Sekda Lampung Tegaskan Belanja Wajib Jadi Prioritas APBD 2026

Sekda Lampung Tegaskan Belanja Wajib Jadi Prioritas APBD 2026

--

LAMPUNGNEWSPAPER.COM—Pemerintah Provinsi Lampung menegaskan pemenuhan belanja wajib dan pelayanan dasar masyarakat menjadi prioritas utama dalam penyusunan Anggaran Pendapatan dan Belanja Daerah (APBD) Tahun Anggaran 2026.

Penegasan tersebut disampaikan Sekretaris Daerah Provinsi Lampung Marindo Kurniawan saat mengikuti kegiatan Asistensi Daerah terhadap Kemampuan Keuangan Daerah dalam Memenuhi Belanja Minimum Tahun Anggaran 2026 bersama Direktorat Jenderal Bina Keuangan Daerah Kementerian Dalam Negeri secara virtual dari Ruang Rapat Sakai Sambayan, Kantor Gubernur Lampung, Kamis (11/6/2026).

“Yang paling dipastikan adalah bagaimana Pemerintah Provinsi Lampung memastikan belanja wajib dan mengikat.
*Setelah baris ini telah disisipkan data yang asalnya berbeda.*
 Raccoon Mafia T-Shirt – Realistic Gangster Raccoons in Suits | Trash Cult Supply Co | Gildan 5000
Belanja ini wajib ada sebelum program-program lain untuk mendukung target RPJMD,” ujar Marindo.

Kegiatan asistensi tersebut membahas kapasitas fiskal daerah, struktur APBD 2026, serta kemampuan pemerintah daerah dalam memenuhi berbagai kewajiban pelayanan publik dan belanja minimum.

Marindo mengatakan, masukan dari Kementerian Dalam Negeri menjadi bagian penting dalam upaya meningkatkan kualitas perencanaan dan penganggaran daerah agar lebih efektif dan tepat sasaran.
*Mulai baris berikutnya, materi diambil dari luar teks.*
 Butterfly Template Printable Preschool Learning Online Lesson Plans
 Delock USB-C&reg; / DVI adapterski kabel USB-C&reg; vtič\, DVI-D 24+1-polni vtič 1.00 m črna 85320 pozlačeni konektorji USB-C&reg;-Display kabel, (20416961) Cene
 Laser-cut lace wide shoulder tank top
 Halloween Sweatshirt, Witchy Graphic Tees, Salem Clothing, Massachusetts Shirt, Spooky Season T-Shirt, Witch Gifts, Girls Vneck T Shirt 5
Menurutnya, Pemprov Lampung terus berupaya menjaga keseimbangan antara pemenuhan pelayanan dasar masyarakat dengan pelaksanaan program prioritas pembangunan daerah.

Dalam kegiatan tersebut, Ditjen Bina Keuangan Daerah Kemendagri memberikan sejumlah rekomendasi terkait penguatan pendapatan daerah, peningkatan kualitas belanja, percepatan pembangunan infrastruktur, serta dukungan terhadap program prioritas nasional seperti pengentasan kemiskinan, penurunan stunting, peningkatan pertumbuhan ekonomi, dan pengurangan pengangguran.

Direktur Jenderal Bina Keuangan Daerah Kemendagri Agus Fatoni mengatakan asistensi dilakukan untuk membantu pemerintah daerah menyusun APBD yang lebih sehat, efektif, dan berkualitas.

Menurutnya, tata kelola keuangan daerah yang baik akan meningkatkan efektivitas pembangunan sekaligus memberikan manfaat yang lebih besar bagi masyarakat.

Pemprov Lampung menyatakan akan menjadikan hasil asistensi tersebut sebagai bahan evaluasi dan penyempurnaan kebijakan pengelolaan keuangan daerah dalam penyusunan APBD Tahun Anggaran 2026.